Lukrativer Medikamentenverkauf für Ärzte
Nicht nur hohe Medikamentenpreise gaben in 40 Jahren «Kassensturz» regelmässig zu reden. Auch die Profitgier von Ärzten war mehrfach Thema.
Links
So beauftragt «Kassensturz» 1985 einen Arzt, Medikamente einzukaufen. Unter den wachsamen Augen eines Notars. «Kassensturz» will herausfinden: Welche Rabatte erhalten Ärzte auf den Verkaufspreisen, die Krankenkassen und Patienten bezahlen müssen?
Das Ergebnis: Pharmafirmen und Händler ködern Ärzte mit horrenden Rabatten. Die Folge: Ärzte können mit dem Medikamentenverkauf überrissene Margen von 50 Prozent erzielen. Die Chemie unterläuft damit eine Branchenvereinbarung.
Unnötige Operationen
1996 veröffentlicht «Kassensturz» brisante, bis dahin unveröffentlichte Zahlen. Diese belegen: Ärzte operieren Halbprivat- und Privatpatienten häufig unnötig. Der Grund für diese Praxis: Solche Patienten sind für Chirurgen und Kliniken lukrativ.
Beispiel Gallenstein-Operation: Von 100 Allgemeinversicherten hatten im Schnitt 2,7 Menschen eine Gallensteinoperation. Ganz anders bei Halbprivatversicherten. Dort gibt es auf hundert Versicherte 4,2 Operationen. Das sind 55 Prozent mehr. Hochgerechnet auf alle Männer zwischen 15 und 65 Jahren haben Chirurgen 27'000 mal unnötig zum Messer gegriffen. Das sind 260 Millionen Franken rausgeworfenes Geld.

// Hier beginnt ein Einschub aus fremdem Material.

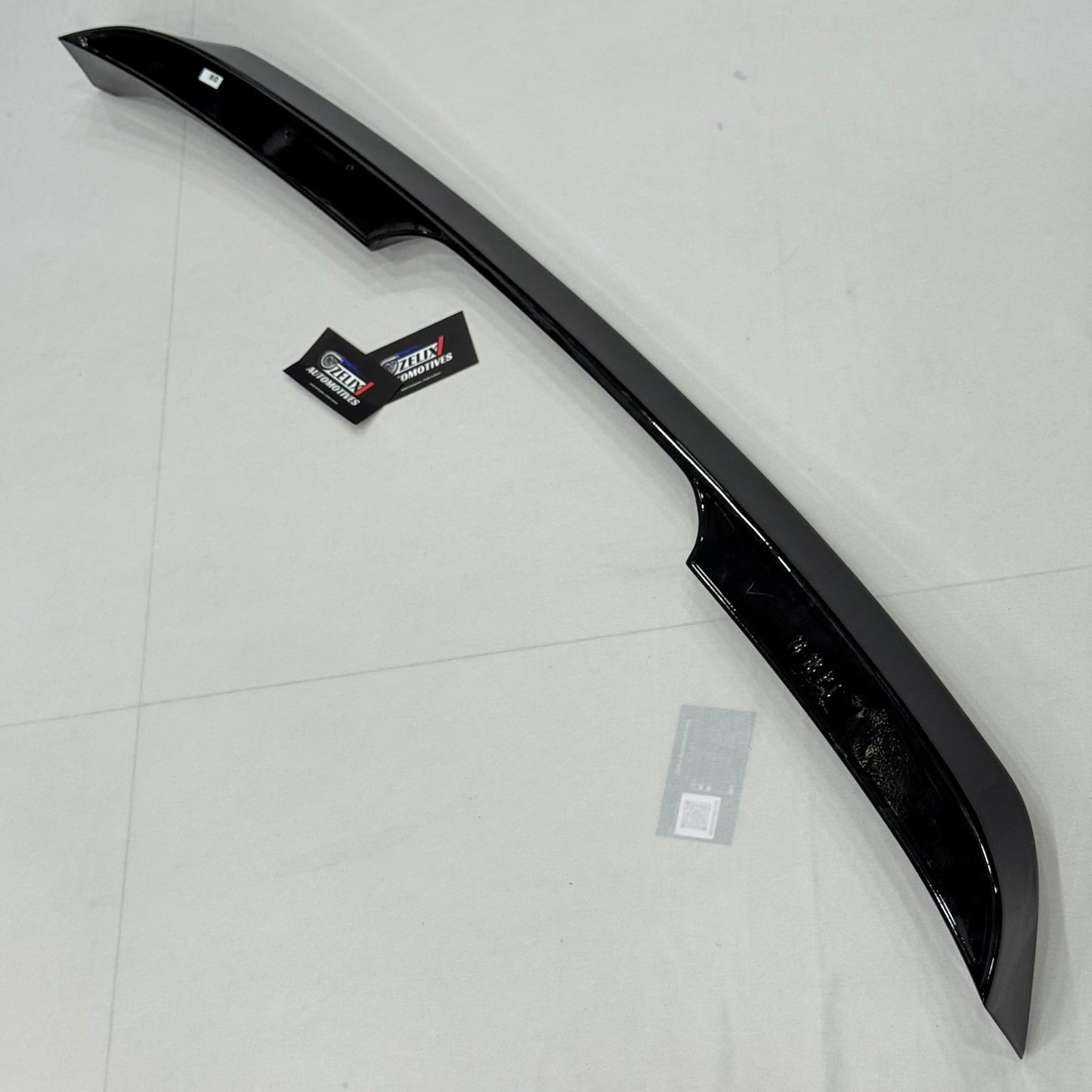 VW Polo GTI Style Spoiler | ABS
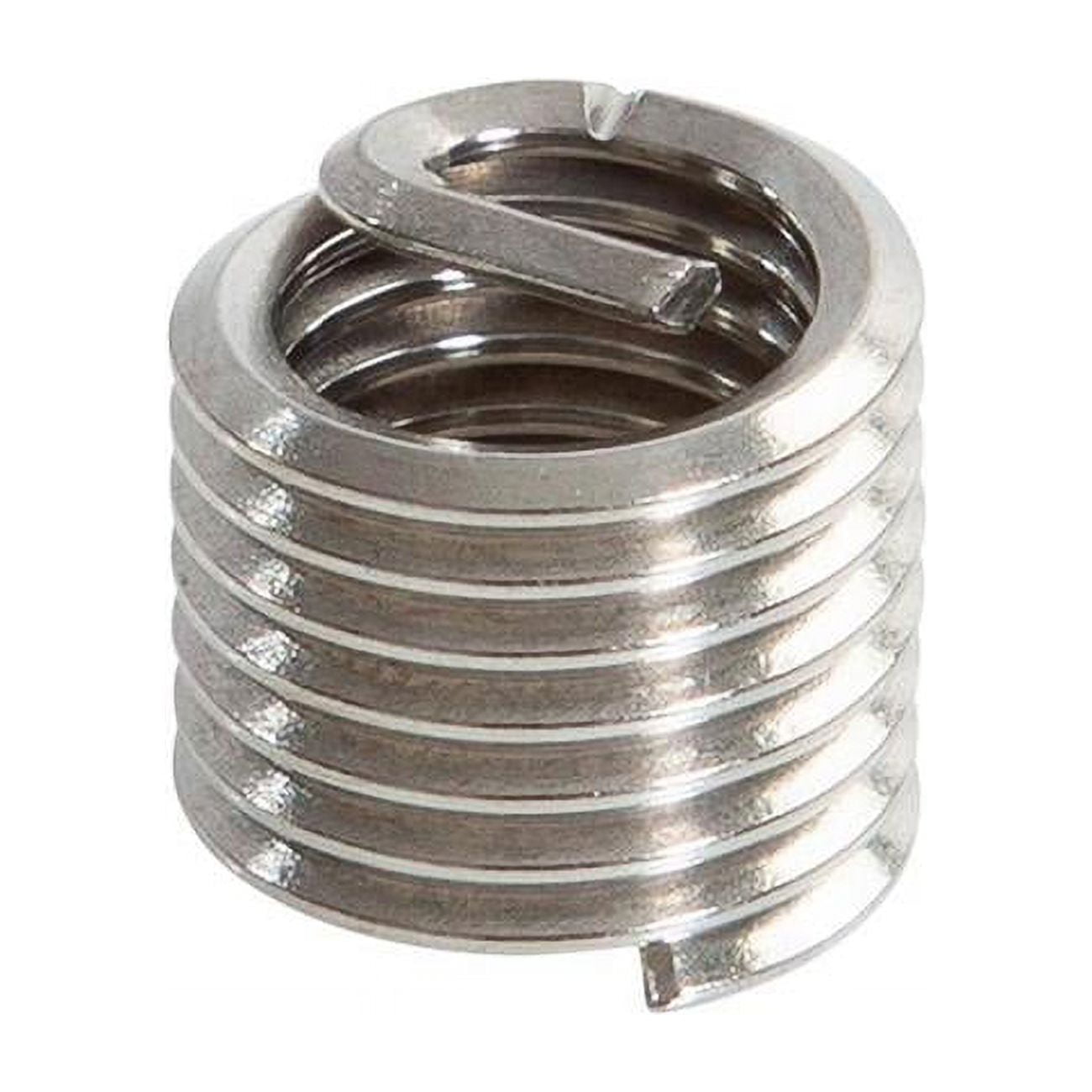 OEMTOOLS 3/8 in. Stainless Steel Non Locking Helical Thread Insert UNC 3/8 - 16 in.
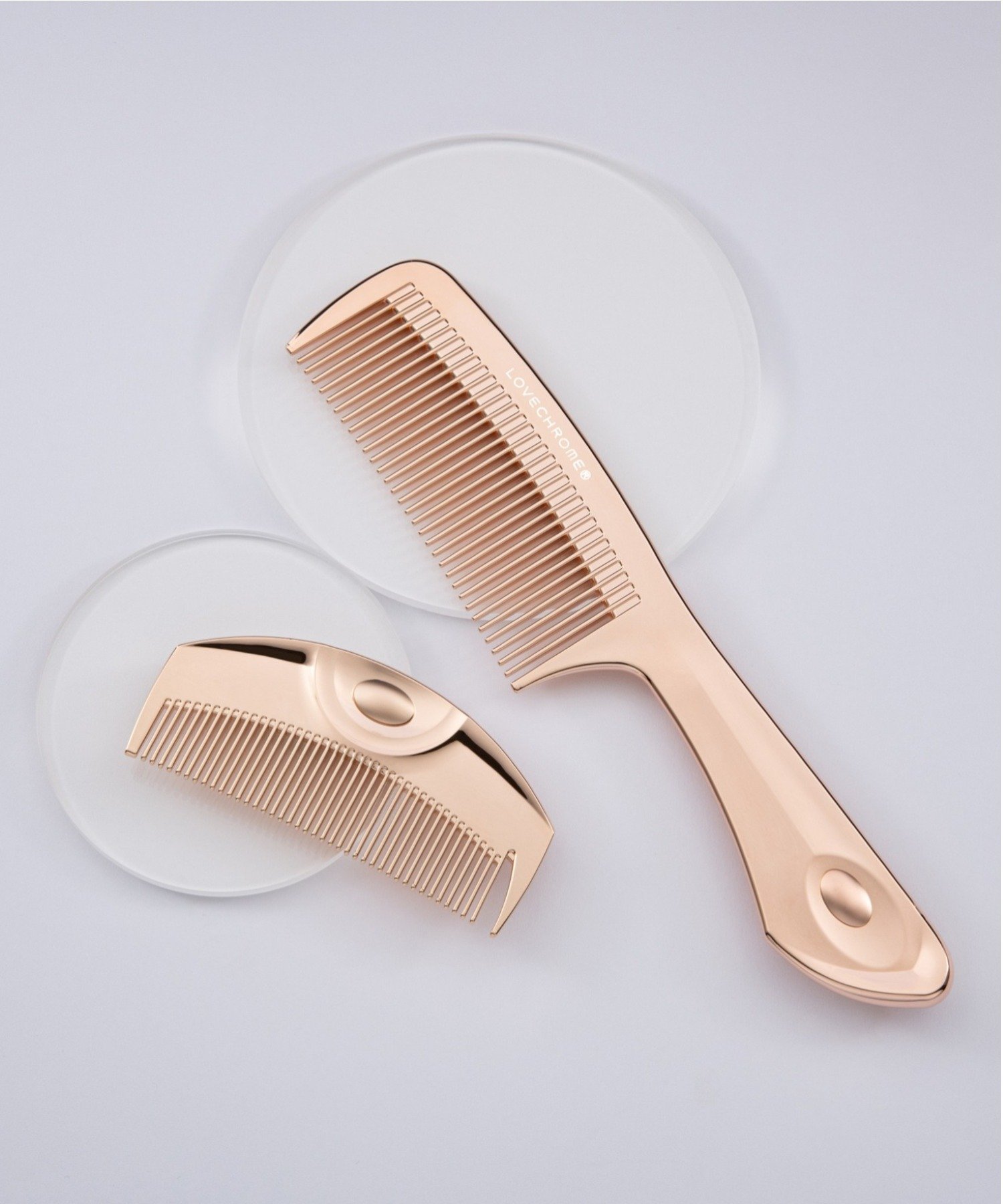 LOVECHROME｜【公式】K24GPツキ ローズゴールド | Rakuten Fashion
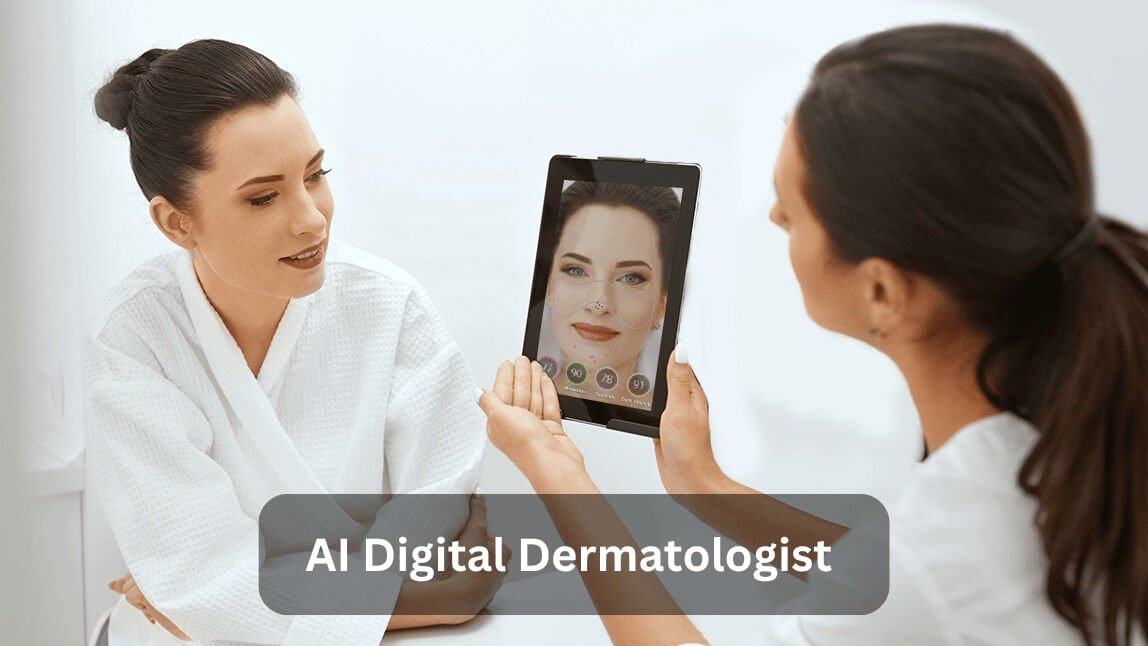 ai digital dermatologist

Bundesgericht gibt «Kassensturz» recht
Der langjährige «Kassensturz»-Redaktionsleiter Urs P. Gasche sagt, dass diese Geschichte bis vor Bundesgericht ging. Chirurgen haben gemäss Gasche kritisiert, dass «Kassensturz» den Konnex gemacht habe, sie würden mehr operieren, weil sie am Privatpatienten so viel mehr verdienten. «Das Bundesgericht hat dem Kassensturz Recht gegeben», sagt Urs P. Gasche.
2002 deckt «Kassensturz» einen Laborskandal auf. Der Hintergrund: Untersuchungen im eigenen Praxislabor dürfen Ärzte zu einem eigenen, hohen Tarif verrechnen. Der Tarif für Untersuchungen im Grosslabor hingegen ist deutlich tiefer.
Die Sendung zeigt: Ärzte verrechnen den Patienten den viel höheren Praxis-Labortarif, obwohl sie die Analysen gar nicht im eigenen Labor durchgeführt haben, sondern in ein Grosslabor geschickt haben. Die Creatinin-Analyse zum Beispiel kostet im Grosslabor 3 Franken, der Arzt verrechnet den Patienten aber 9 Franken.
Riesenkrach mit Bundesrat Couchepin
2005 berichtet «Kassensturz» über völlig überteuerte Medizinalprodukte. Der Grund für die überhöhten Preise: Der Bund legt für solche Produkte in der sogenannten MiGeL-Liste völlig überrissene Maximalpreise fest, die die Krankenkassen bezahlen müssen.
Nach diesen Preisen richten sich die Hersteller. Im Beitrag kritisiert der damalige Preisüberwacher Rudolf Strahm: Wegen absurder Höchstpreise müssen Krankenkassen jährlich 200 Millionen Franken zu viel zahlen.
Rudolf Strahm erinnert sich: «Die Preisüberwachung hatte seit Jahren festgestellt, dass Medizinalprodukte, also zum Beispiel Verbandsstoffe, Windeln, Implantate, viel zu teuer sind in der Schweiz.»
Dann habe er dies im «Kassensturz» kritisiert. Sehr zum Unmut des damaligen Bundesrats Pascal Couchepin. Rudolf Strahm sagt: «Ich darf mit einer fünfjährigen Anstandsfrist sagen, dass ich deswegen einen Riesenkrach hatte mit Bundesrat Couchepin, der vom Lobby abhängig gewesen war.»
Ohne «Kassensturz», ohne Veröffentlichung der riesigen Preisdifferenzen, wäre die Preisüberwachung gemäss Strahm damals mit Preissenkungen nicht durchgedrungen.